● DATA FOR THIS EXERCISE:

▶

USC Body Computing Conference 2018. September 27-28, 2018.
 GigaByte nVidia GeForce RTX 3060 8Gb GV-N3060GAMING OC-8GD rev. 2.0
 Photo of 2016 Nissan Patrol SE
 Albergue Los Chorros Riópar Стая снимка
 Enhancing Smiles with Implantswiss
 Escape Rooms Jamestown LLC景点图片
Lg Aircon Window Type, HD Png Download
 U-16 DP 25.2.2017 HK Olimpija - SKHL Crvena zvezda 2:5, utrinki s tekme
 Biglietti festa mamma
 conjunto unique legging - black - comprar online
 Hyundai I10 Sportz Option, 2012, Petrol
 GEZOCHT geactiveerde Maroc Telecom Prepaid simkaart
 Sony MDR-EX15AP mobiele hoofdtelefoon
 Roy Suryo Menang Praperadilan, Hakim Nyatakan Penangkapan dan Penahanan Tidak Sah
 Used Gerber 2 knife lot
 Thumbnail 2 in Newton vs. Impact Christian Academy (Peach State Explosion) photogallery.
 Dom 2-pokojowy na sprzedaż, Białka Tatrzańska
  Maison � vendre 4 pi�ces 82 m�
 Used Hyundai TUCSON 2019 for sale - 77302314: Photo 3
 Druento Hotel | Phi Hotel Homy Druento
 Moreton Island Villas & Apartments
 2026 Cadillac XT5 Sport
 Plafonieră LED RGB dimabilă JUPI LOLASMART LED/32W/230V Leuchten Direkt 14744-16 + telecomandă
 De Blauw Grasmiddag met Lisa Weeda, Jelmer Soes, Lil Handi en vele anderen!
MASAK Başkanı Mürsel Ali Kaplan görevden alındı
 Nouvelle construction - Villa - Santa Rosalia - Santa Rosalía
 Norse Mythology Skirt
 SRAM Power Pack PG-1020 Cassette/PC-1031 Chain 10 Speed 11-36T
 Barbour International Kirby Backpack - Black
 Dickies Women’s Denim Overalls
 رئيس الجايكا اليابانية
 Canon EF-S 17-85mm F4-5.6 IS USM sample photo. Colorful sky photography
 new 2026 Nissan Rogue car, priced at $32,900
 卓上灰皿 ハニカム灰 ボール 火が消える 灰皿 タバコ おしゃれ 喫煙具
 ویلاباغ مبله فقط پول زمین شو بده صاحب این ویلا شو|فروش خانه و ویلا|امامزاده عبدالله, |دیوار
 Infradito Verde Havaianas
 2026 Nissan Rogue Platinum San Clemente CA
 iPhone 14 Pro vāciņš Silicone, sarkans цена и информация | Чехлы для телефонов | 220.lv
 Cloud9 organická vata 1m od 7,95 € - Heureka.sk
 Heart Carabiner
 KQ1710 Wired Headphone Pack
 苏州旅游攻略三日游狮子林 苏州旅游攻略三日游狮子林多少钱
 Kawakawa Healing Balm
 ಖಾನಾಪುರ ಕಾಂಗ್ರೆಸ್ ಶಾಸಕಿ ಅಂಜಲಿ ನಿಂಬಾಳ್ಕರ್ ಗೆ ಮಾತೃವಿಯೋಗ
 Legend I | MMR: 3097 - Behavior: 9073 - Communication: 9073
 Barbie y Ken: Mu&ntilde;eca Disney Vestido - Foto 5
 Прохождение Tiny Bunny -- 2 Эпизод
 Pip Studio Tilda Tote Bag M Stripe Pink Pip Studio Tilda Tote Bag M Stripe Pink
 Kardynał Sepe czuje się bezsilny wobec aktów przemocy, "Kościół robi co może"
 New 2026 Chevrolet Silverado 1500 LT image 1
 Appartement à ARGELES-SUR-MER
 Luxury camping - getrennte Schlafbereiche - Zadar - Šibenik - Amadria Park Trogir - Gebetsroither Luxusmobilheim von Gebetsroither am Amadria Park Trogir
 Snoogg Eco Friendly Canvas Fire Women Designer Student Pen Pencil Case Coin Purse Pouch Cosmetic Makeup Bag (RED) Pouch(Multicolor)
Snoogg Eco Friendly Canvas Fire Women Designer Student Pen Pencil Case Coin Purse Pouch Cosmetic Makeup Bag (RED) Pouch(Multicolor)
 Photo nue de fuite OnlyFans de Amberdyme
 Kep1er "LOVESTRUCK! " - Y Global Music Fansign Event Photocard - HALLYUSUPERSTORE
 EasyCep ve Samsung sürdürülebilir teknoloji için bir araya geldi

◀

● THE TASK: In the listing above, the line with "Pip Studio Tilda Tote Bag M Stripe Pink Pip" and every line after it must be set down word for word, and no other line.

● RESULT OF THIS EXERCISE:
 Pip Studio Tilda Tote Bag M Stripe Pink Pip Studio Tilda Tote Bag M Stripe Pink
 Kardynał Sepe czuje się bezsilny wobec aktów przemocy, "Kościół robi co może"
 New 2026 Chevrolet Silverado 1500 LT image 1
 Appartement à ARGELES-SUR-MER
 Luxury camping - getrennte Schlafbereiche - Zadar - Šibenik - Amadria Park Trogir - Gebetsroither Luxusmobilheim von Gebetsroither am Amadria Park Trogir
 Snoogg Eco Friendly Canvas Fire Women Designer Student Pen Pencil Case Coin Purse Pouch Cosmetic Makeup Bag (RED) Pouch(Multicolor)
Snoogg Eco Friendly Canvas Fire Women Designer Student Pen Pencil Case Coin Purse Pouch Cosmetic Makeup Bag (RED) Pouch(Multicolor)
 Photo nue de fuite OnlyFans de Amberdyme
 Kep1er "LOVESTRUCK! " - Y Global Music Fansign Event Photocard - HALLYUSUPERSTORE
 EasyCep ve Samsung sürdürülebilir teknoloji için bir araya geldi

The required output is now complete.